In which I am late to the party

Jul 04, 2007 14:54


The thing I hate about school holidays is that suddenly there are children everywhere. How can they possibly have finished learning everything? And how come Playstation is only fun when they have homework to do, and the rest of the time their preferred pastime is "going to town to scuff my jeans up"?

Anyway, today, many of the children (and I use the term here as a Worldly Great Old One of Almost Twenty-Seven; they were actually high-school students) were engaged in efforts to get me to sign a petition to force a referendum to reverse the Anti-Smacking Law (I liked the way they had recycled old signs by pasting the word "Law" over where they used to say "Bill"). I haven't really had much to say on the issue, certainly not when it was actually topical, but something about the way they presented their argument really got to me. For one thing, none of them actually looked old enough to sign the petition itself, which made me wonder at their motivations (although the letter Proverbs and the numbers 13 and 24 come to mind).
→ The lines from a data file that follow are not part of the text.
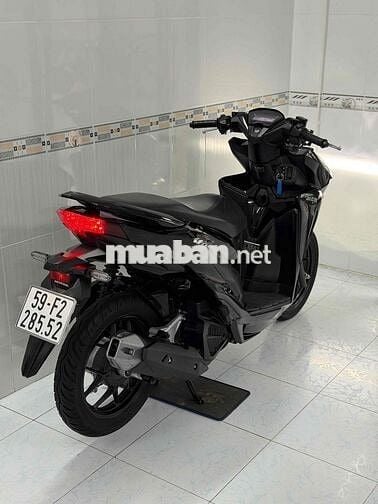 Vario 125 2020 Đen 16.000 km bstp chính chủ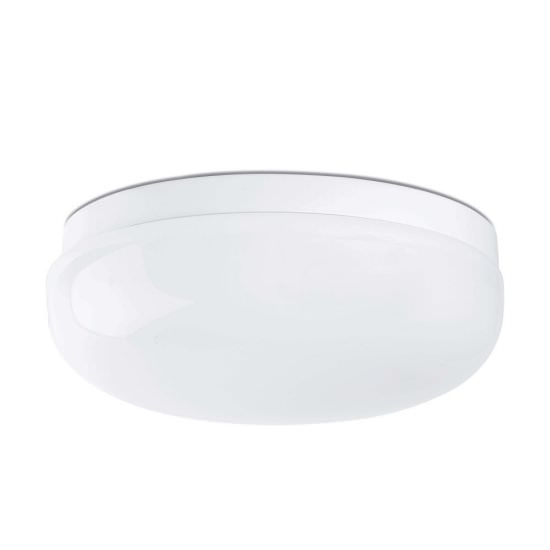 Kit Luce Bianco per Ventilatore Kadmat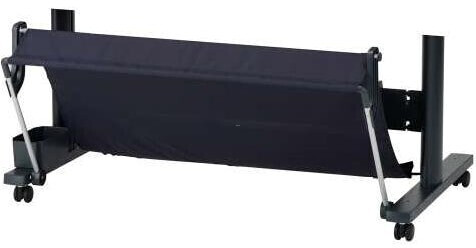 Canon ST-34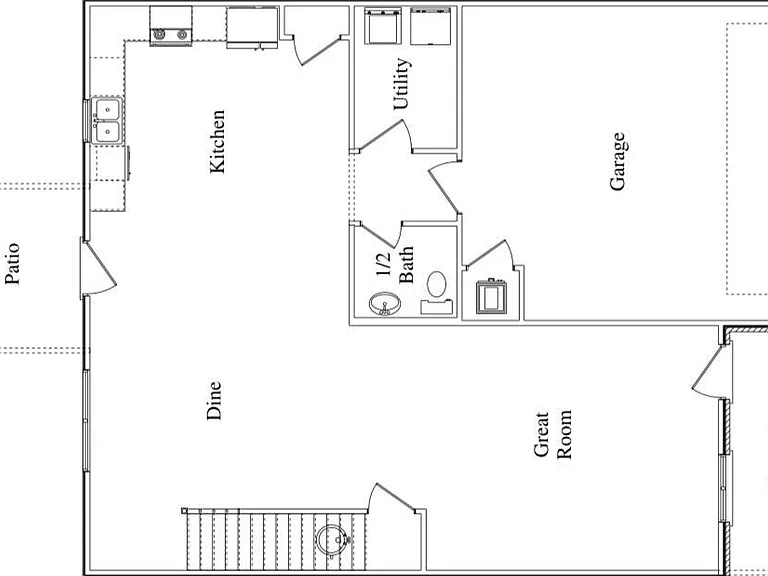 8133 Driftwood Loop — Photo 4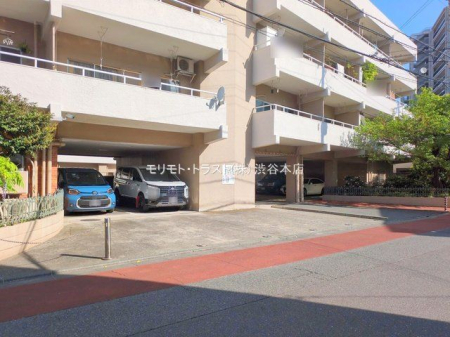 nOώʐ^ Be(2025-04-21 00:00:00)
The thrust of their argument seemed to be that "[Sue] Bradford's Law Criminalises Good Parents", which seemed eerily familiar. A few years ago, the government outlawed smoking in bars, and there was a fairly similar sort of outcry (albeit with fewer children). The Government's reasoning was that second-hand smoke had been proven to be harmful; the protesters argued (somewhat tangentially) that smoking was their right, and the two sides never really met in the middle: the Government just won, as is the way with governments everywhere.
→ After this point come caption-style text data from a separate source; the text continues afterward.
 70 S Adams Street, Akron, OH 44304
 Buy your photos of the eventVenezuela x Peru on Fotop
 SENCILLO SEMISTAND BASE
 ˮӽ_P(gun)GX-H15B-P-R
Now, I know some perfectly decent people who smoked in bars before the law change, just as I know some perfectly decent people who smack their kids (my own dear parents included). None of them have killed me so far. But the fact remains that, just as second-hand smoke contributes more than it should to New Zealand's outgoings, there are people who end up killing their own children simply because it is their inalienable (god-given?) right to smack your kids. Let me state my official position, for the record:

People who believe their right to do something that is harmful to another human being outweighs that other's right to not be harmed are fucking batshit crazy.
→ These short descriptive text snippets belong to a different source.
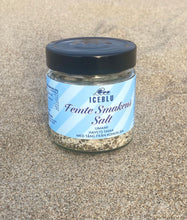 Ladda upp bild till gallerivisning, Femte smakens salt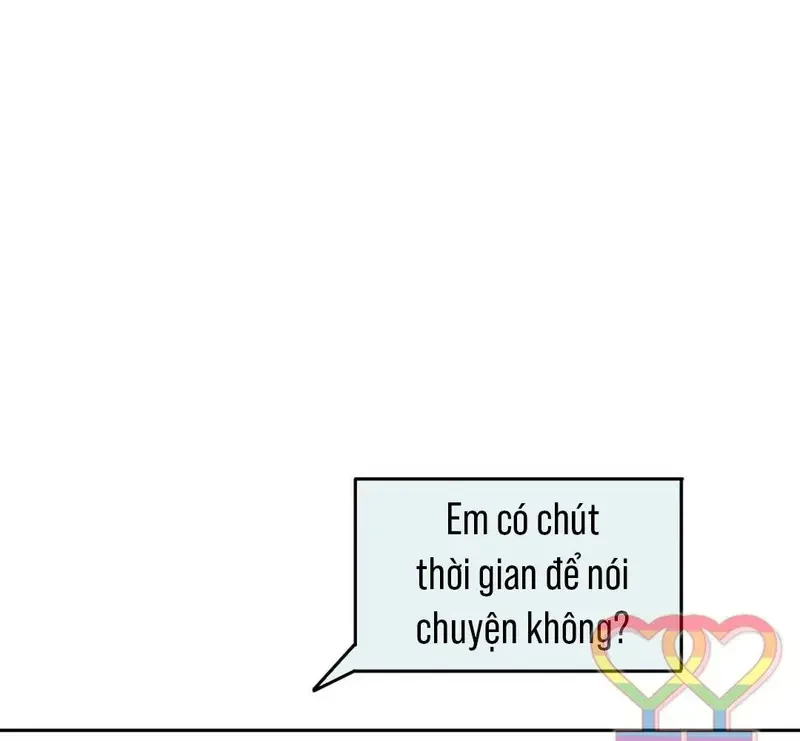 Ruthless GL Chapter 103.1 - 79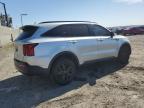 2021 Kia Sorento S for Sale in San Diego, CA - Side
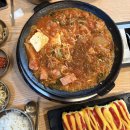 11680-172-101-3외 | [압구정로데오] 박대박 부대찌개, 24시간 밥과 술이 가능한 곳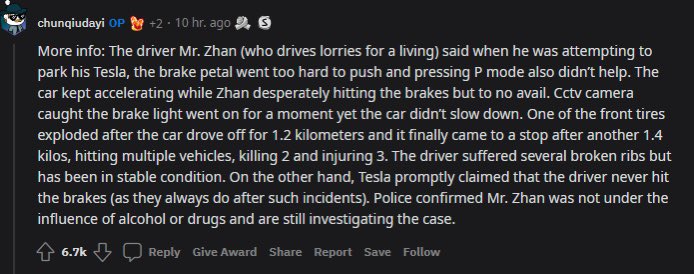 diane p. tweet media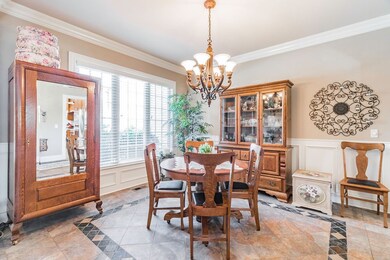 314 NW O St, Bentonville, AR 72712 - photo 7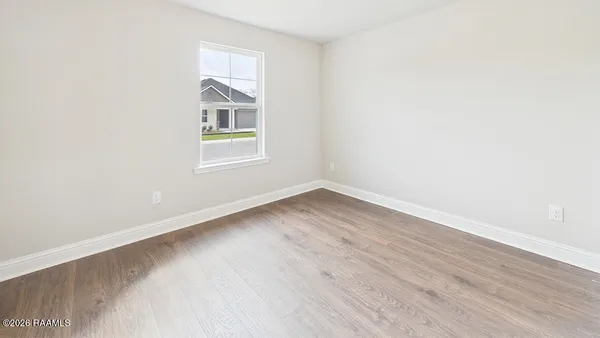 $266,500 | 103 Acadian Falls Drive, Broussard, LA 70518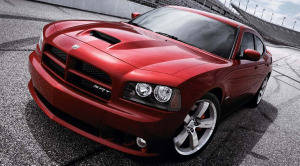 2010 Dodge Charger | Specifications - Car Specs | Auto123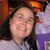 Cheryl Bixby's profile image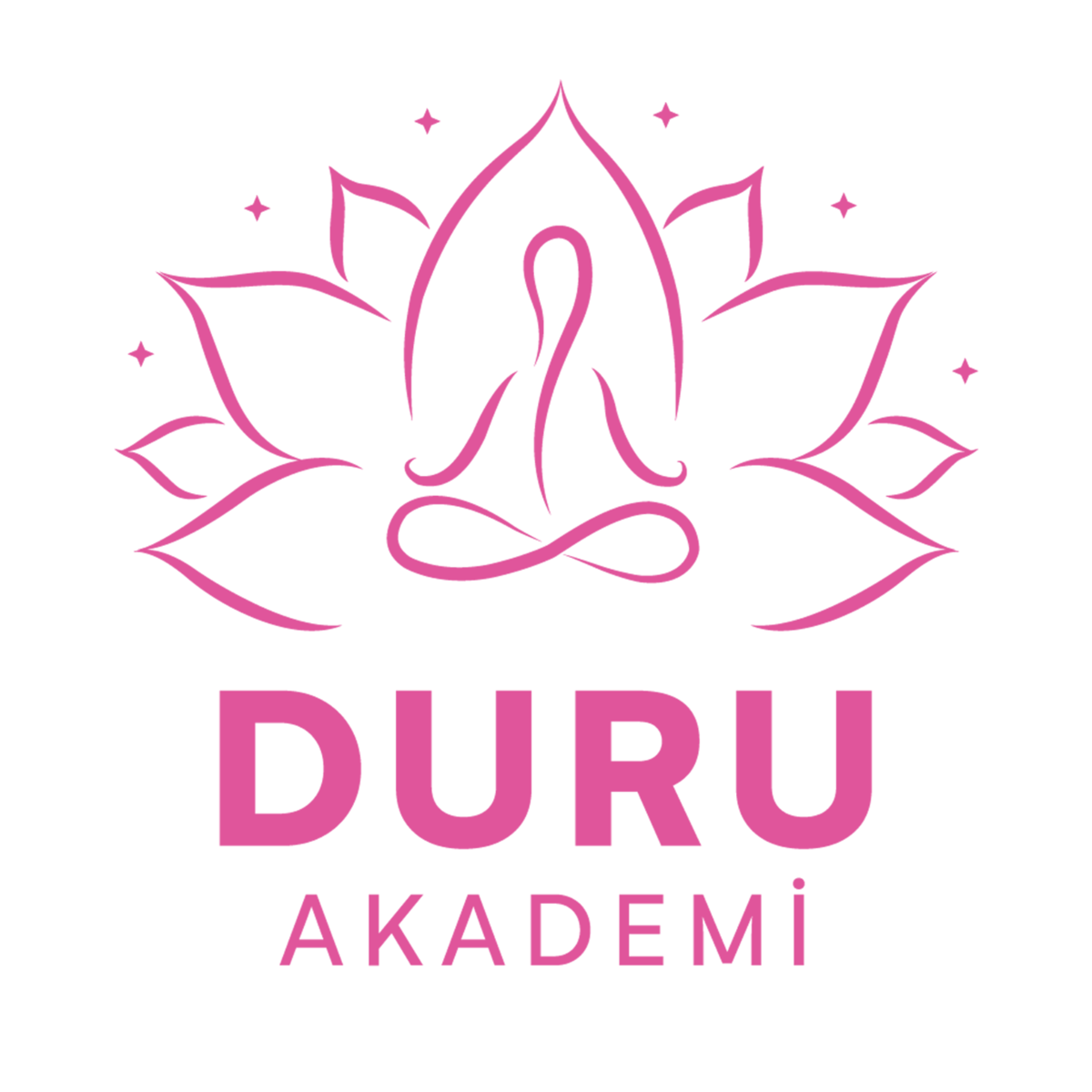 DURU AKADEMI LTD — Bir tırtılın 🐛 kelebek olma hikayesi 🦋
This seems like basic common sense, right? So it seems to me that the drive for these pieces of legislation is to put people's "god-given rights" into perspective. If society says you in fact don't have the right to hit your kids, maybe that could slowly start changing some attitudes? And all you good parents: if giving up your "right" to smack your kids could change even one person's mind and prevent one child's death, wouldn't that be worth it?

Just personally: I still wouldn't have a problem with smacking a child of mine if I was sure that that was the only way to communicate that they were in immediate danger of physical harm. Shit, I wouldn't even have a problem if it was someone else that did the smacking in that case. But if a kid is old enough to lie to me, I'd think there'd be more appropriate (and ultimately pedagogically sound) punishments than a smack on the bum.

So I'm going back tomorrow, armed with a couple of bits of paper: "Bradford's Bill Criminalises Lazy Parents" and "Bradford's Bill Criminalises Selfish Bigots".

I figure they can just stick them over the top of the ones they've already got.